Showers are wonderful things.  But they can also be very dangerous and unpredictable.  Awareness is the first step, but this is a problem that has no easy solution.  Shower roaches are the number one cause of shower-related slip-deaths.  Probably.  Nobody was able to ask them what they saw before slipping and dying because they were dead already, and the roach probably scurried down the drain to plot with his roach buddies about who their next victim would be.  And maybe you've never considered shower serial killers or encountering a horrifying version of your future self, but you will now.  I don't think Douglas Adams knew how prolific he really was when he said that, at all times, you must know where your towel is.  


*Read: English major with concentration in creative writing, but whatever.

Monday, February 27, 2012

She said..."No comment."

A weird thing happened today.  We were working on vocabulary, and for reasons I can't recall, somebody mentioned Jet Lee (or is it Li?).  I thought it would be a nice time to give a useless bit of trivia, so I told the group about how Jet died as a result of what may or may not be a curse.  Having brought sacred Eastern secrets of martial arts to the Western world, many believe he was cursed and that was why he died.  Maybe it was Bruce Lee who brought the curse upon his family.  Either way, the conversation that followed went like this.

Student: A curse?
Me: Well, that's what they say, yes.
Student: But there's no such thing as curses, because God makes those decisions, right?
Me: It depends on what you believe...  There are some people who do believe in curses.
Student: Do you believe in God?
Me: I don't want to talk about that right here.  It's not something we talk about at school.
Another student: I bet she doesn't.

....That was unexpected.  I didn't know how to react to that.  What I did was assert that we were in a government building and it was not the place to discuss things like religious belief.  But it struck me, because this was maybe the first time in my life that it has ever been suggested that I didn't believe in God.  Let me make this clear before I go on, that I most definitely do believe in God.  But if you asked me my religion, I would answer, "tolerance."  To me it's not about a label or a status, it's about a feeling.  I don't want to sound like a vapid LA model, but I consider myself to be much more spiritual than religious.  I believe there is something there.  But I find too many problems with the organization of the Church to subscribe explicitly to a doctrine.

Anyway, as I spent most of my school years being seen as the goody-goody honor student who listened to Bach in her spare time when not reciting memory verses facing upward, it was strange to hear a student suggest that I am not a believer in the Divine.

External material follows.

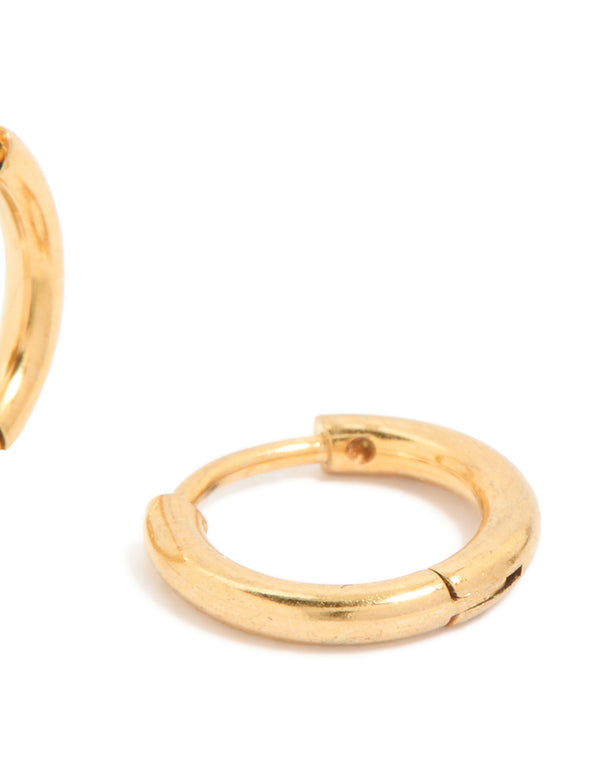 These are waterproof gold plated stainless steel clicker huggie earrings 8MM post detail view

Why didn't I answer?  When I was a student, I thought it was silly that teachers weren't allowed to say who they voted for, what their politics were, or what they believed in.  We're together for hours a day; why can't we know what they believe?  But, along with many other mysterious teacher rules, this one was explained in graduate school.  I don't want to risk alienating any of my students.  If a student doesn't believe in anything, I don't want them to feel alone among a sea of bible belters.  I don't want to express my opinions on any of these issues, because I want students to be able to see me as someone they can relate to in as many ways as possible.  I don't want it to just be assumed that in my classroom we are all middle class, we are all Christian, and we are all Republican.  Not everyone is like that, even here in the South -- and I don't want any of my students to feel isolated because of their beliefs or home lives.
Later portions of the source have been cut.